- _PROBLEM TO SOLVE_: Each line of the data must be given back verbatim, with pictures removed.

- _DATA BLOCK_:
Content starts

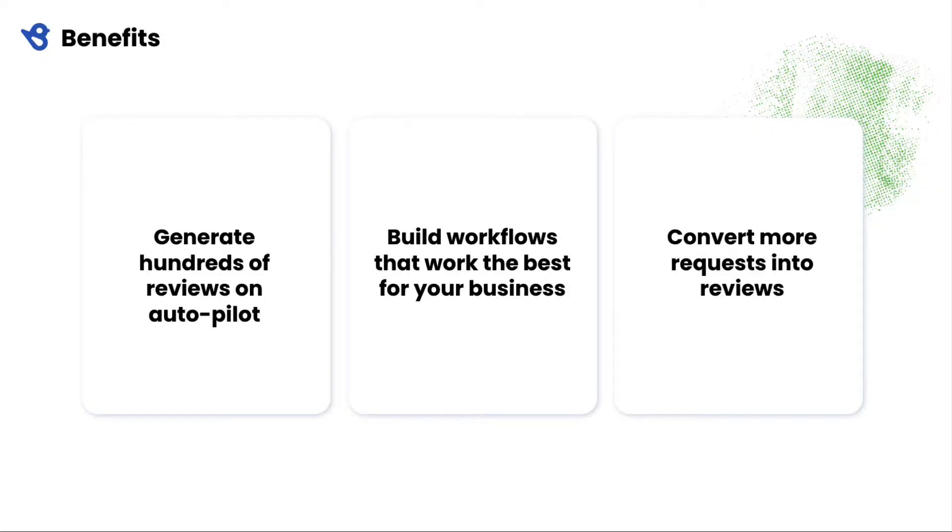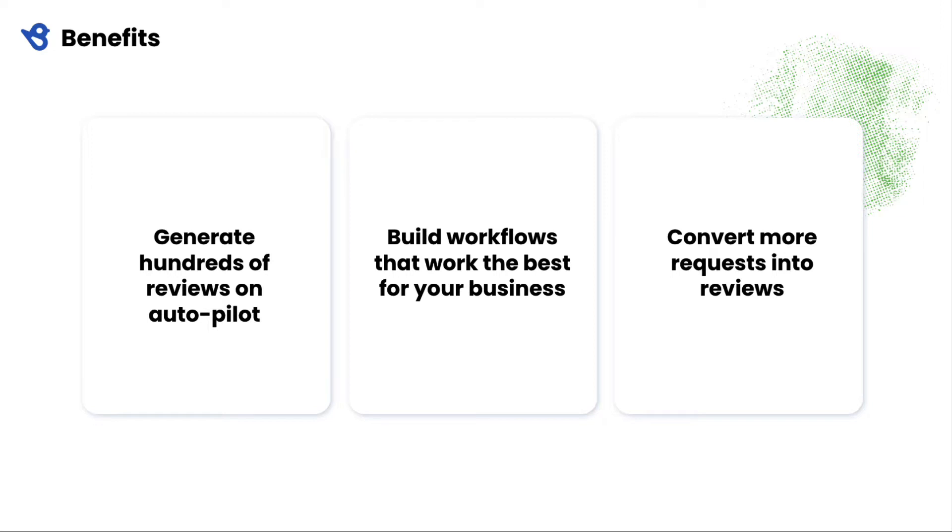Save time by generating reviews on autopilot by connecting Birdie with your CRM and automating the review gathering process. You get complete control over your review requests. Want to reach out instantly after a purchase? No problem. Or maybe you want to wait a few hours or follow up after a week or two.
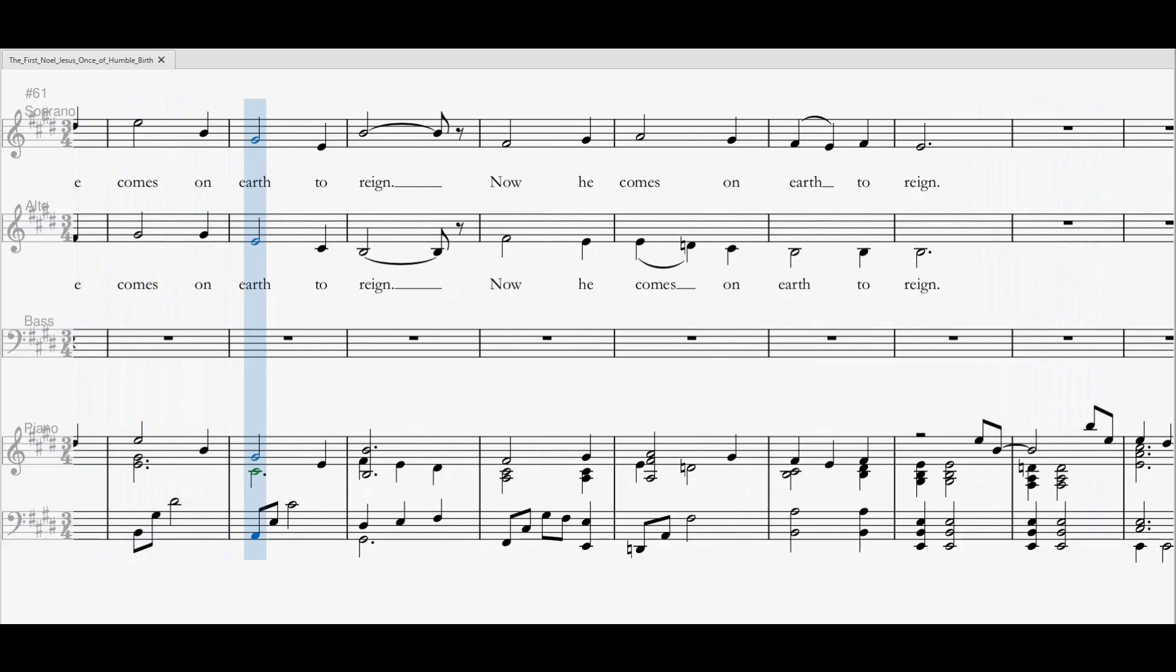While He comes on earth to reign. Now He comes on earth to reign.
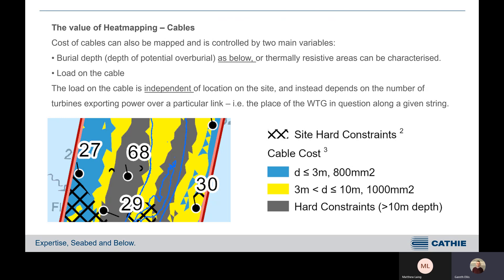When we look at cable sizing, that can also be controlled by two main variables. The first is burial depth — the potential overburden — and thermal resistivity areas can also be characterised, which may be important for larger export routes. The second variable is the load on the cable, which is independent of the location on the site but instead depends on the number of turbines exporting power over a particular link — for example, the position of the WTG in question along a given string. The yellow constraints indicate a larger requirement for larger conductor sizes, and the hard constraint in the middle is where conductor sizes would be above 1000 millimetres square, which is generally outside current practice for connection of wind turbines in arrays.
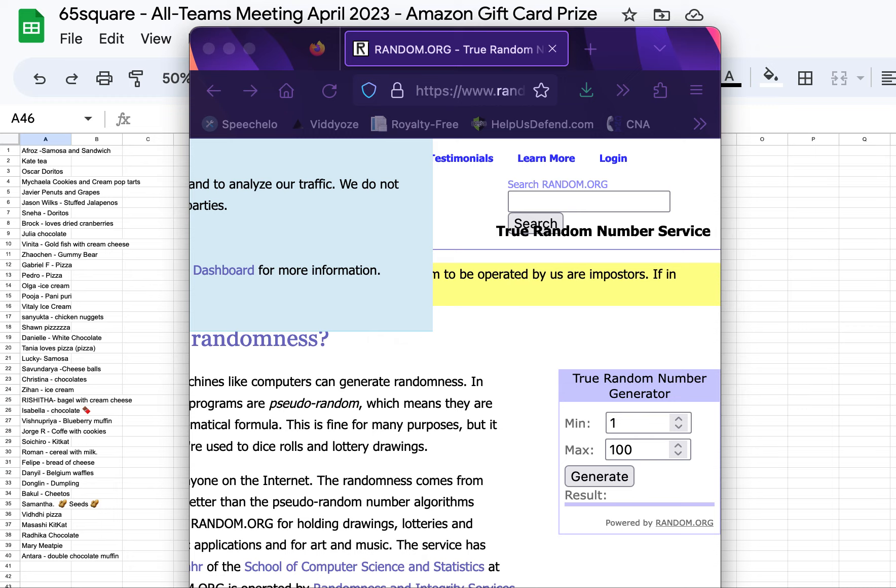It is another Amazon gift card giveaway. This is for our all-teams meeting from today, April 30th.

Content ends

- _COMPLETED EXERCISE_:
Save time by generating reviews on autopilot by connecting Birdie with your CRM and automating the review gathering process. You get complete control over your review requests. Want to reach out instantly after a purchase? No problem. Or maybe you want to wait a few hours or follow up after a week or two.
While He comes on earth to reign. Now He comes on earth to reign.
When we look at cable sizing, that can also be controlled by two main variables. The first is burial depth — the potential overburden — and thermal resistivity areas can also be characterised, which may be important for larger export routes. The second variable is the load on the cable, which is independent of the location on the site but instead depends on the number of turbines exporting power over a particular link — for example, the position of the WTG in question along a given string. The yellow constraints indicate a larger requirement for larger conductor sizes, and the hard constraint in the middle is where conductor sizes would be above 1000 millimetres square, which is generally outside current practice for connection of wind turbines in arrays.
It is another Amazon gift card giveaway. This is for our all-teams meeting from today, April 30th.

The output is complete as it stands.